§ Directions for this task: Nothing but an exact reproduction of the records, pictures excluded, should be returned.

Caption-style text data:
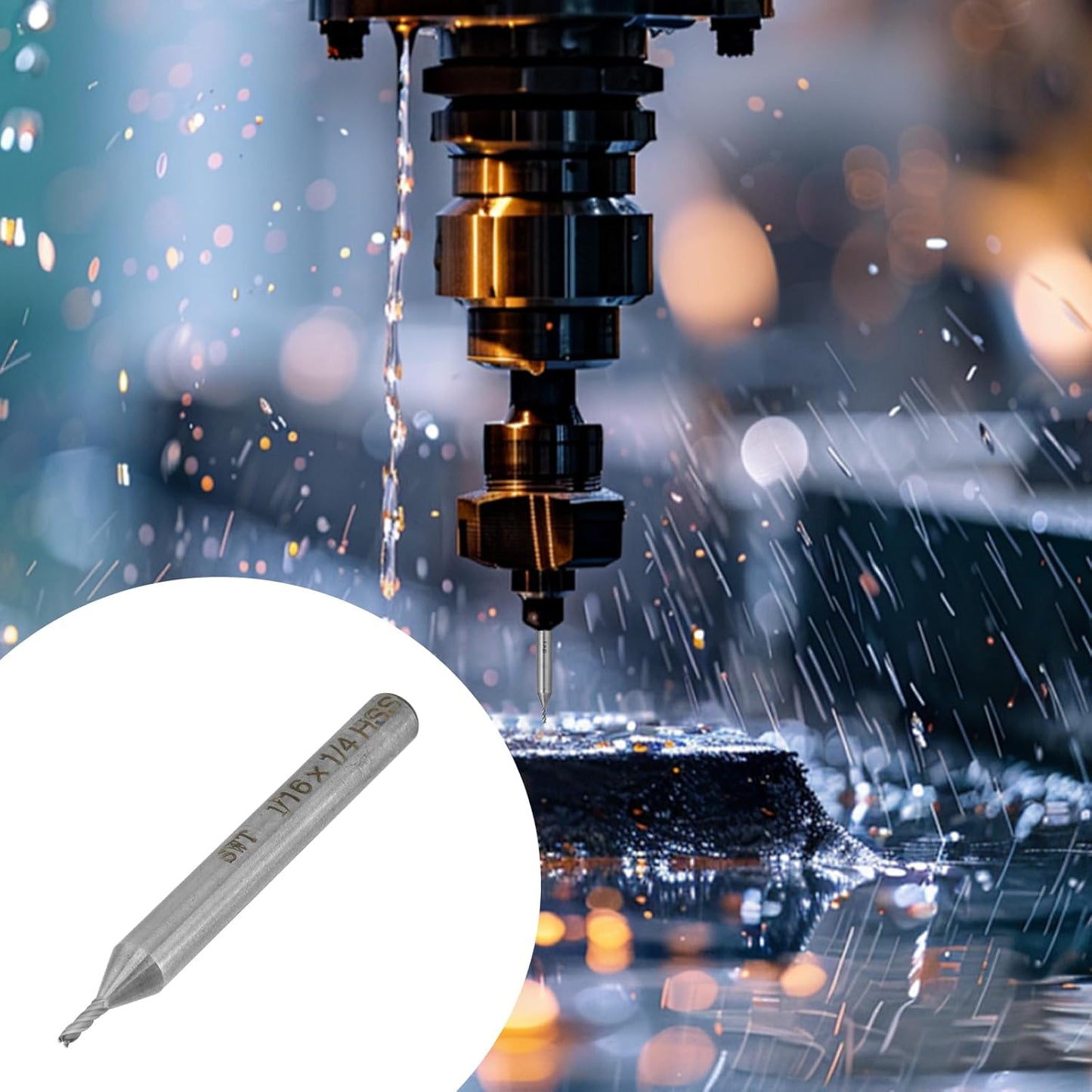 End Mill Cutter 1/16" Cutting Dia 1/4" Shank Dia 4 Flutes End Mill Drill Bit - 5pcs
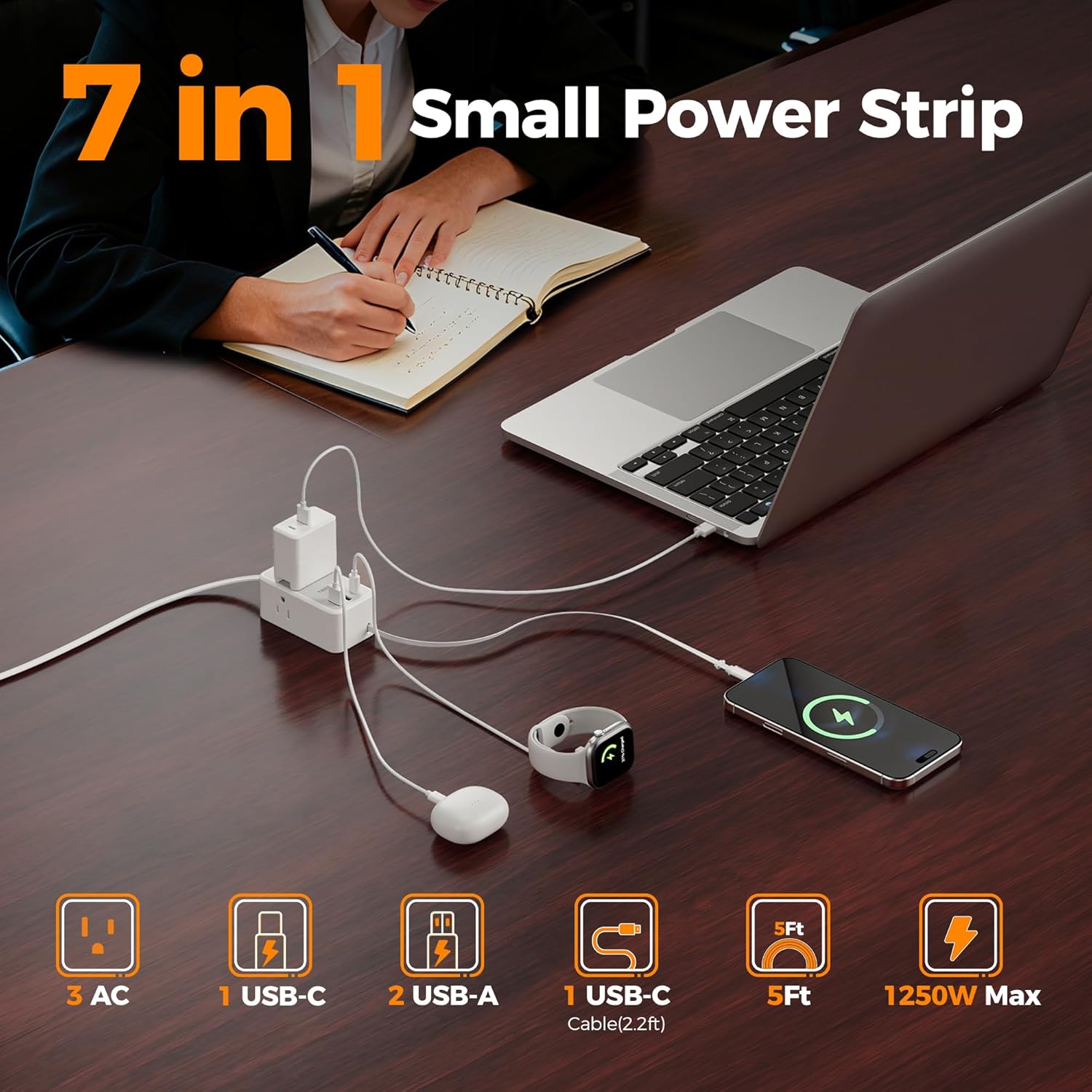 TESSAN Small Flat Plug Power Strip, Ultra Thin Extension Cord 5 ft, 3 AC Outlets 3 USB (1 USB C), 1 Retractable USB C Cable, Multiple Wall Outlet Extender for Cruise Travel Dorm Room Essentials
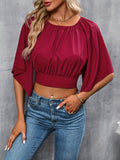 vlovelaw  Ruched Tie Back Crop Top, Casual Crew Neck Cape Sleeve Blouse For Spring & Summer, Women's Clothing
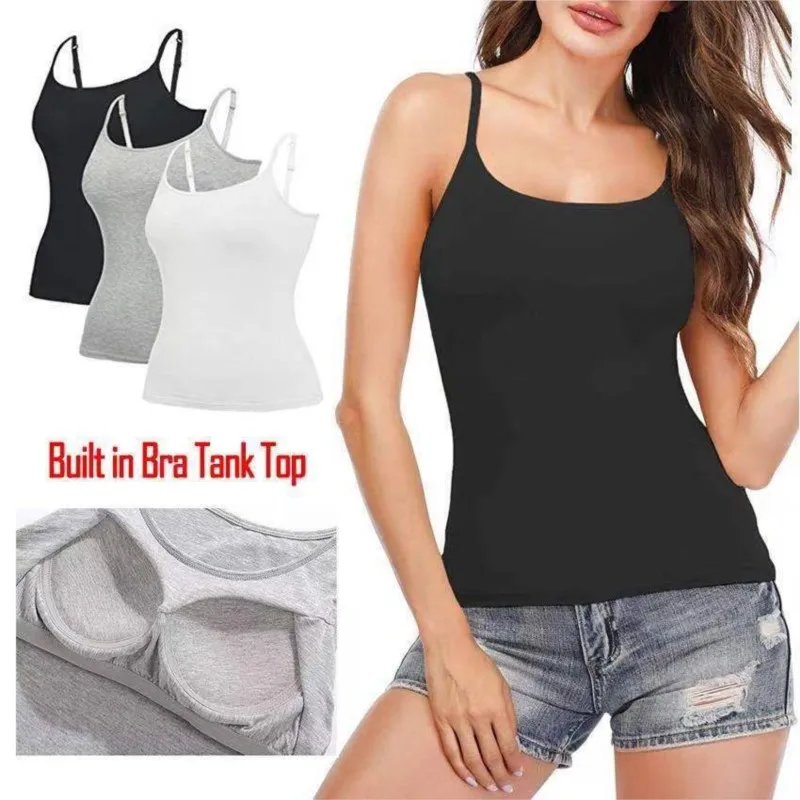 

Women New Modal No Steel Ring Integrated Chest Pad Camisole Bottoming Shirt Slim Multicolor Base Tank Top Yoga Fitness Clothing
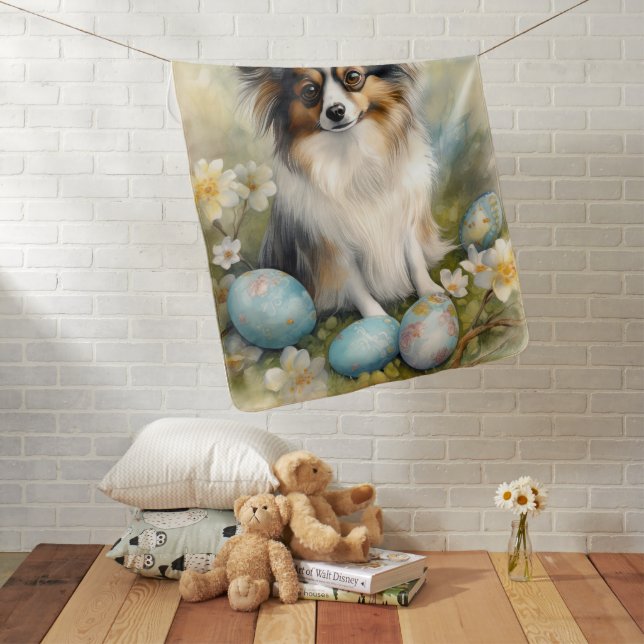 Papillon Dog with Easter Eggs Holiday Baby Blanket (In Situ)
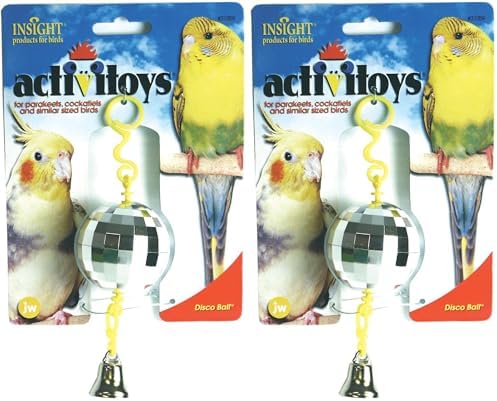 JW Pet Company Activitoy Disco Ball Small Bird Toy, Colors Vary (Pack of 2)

§ Reply:
 End Mill Cutter 1/16" Cutting Dia 1/4" Shank Dia 4 Flutes End Mill Drill Bit - 5pcs
 TESSAN Small Flat Plug Power Strip, Ultra Thin Extension Cord 5 ft, 3 AC Outlets 3 USB (1 USB C), 1 Retractable USB C Cable, Multiple Wall Outlet Extender for Cruise Travel Dorm Room Essentials
 vlovelaw  Ruched Tie Back Crop Top, Casual Crew Neck Cape Sleeve Blouse For Spring & Summer, Women's Clothing

Women New Modal No Steel Ring Integrated Chest Pad Camisole Bottoming Shirt Slim Multicolor Base Tank Top Yoga Fitness Clothing
 Papillon Dog with Easter Eggs Holiday Baby Blanket (In Situ)
 JW Pet Company Activitoy Disco Ball Small Bird Toy, Colors Vary (Pack of 2)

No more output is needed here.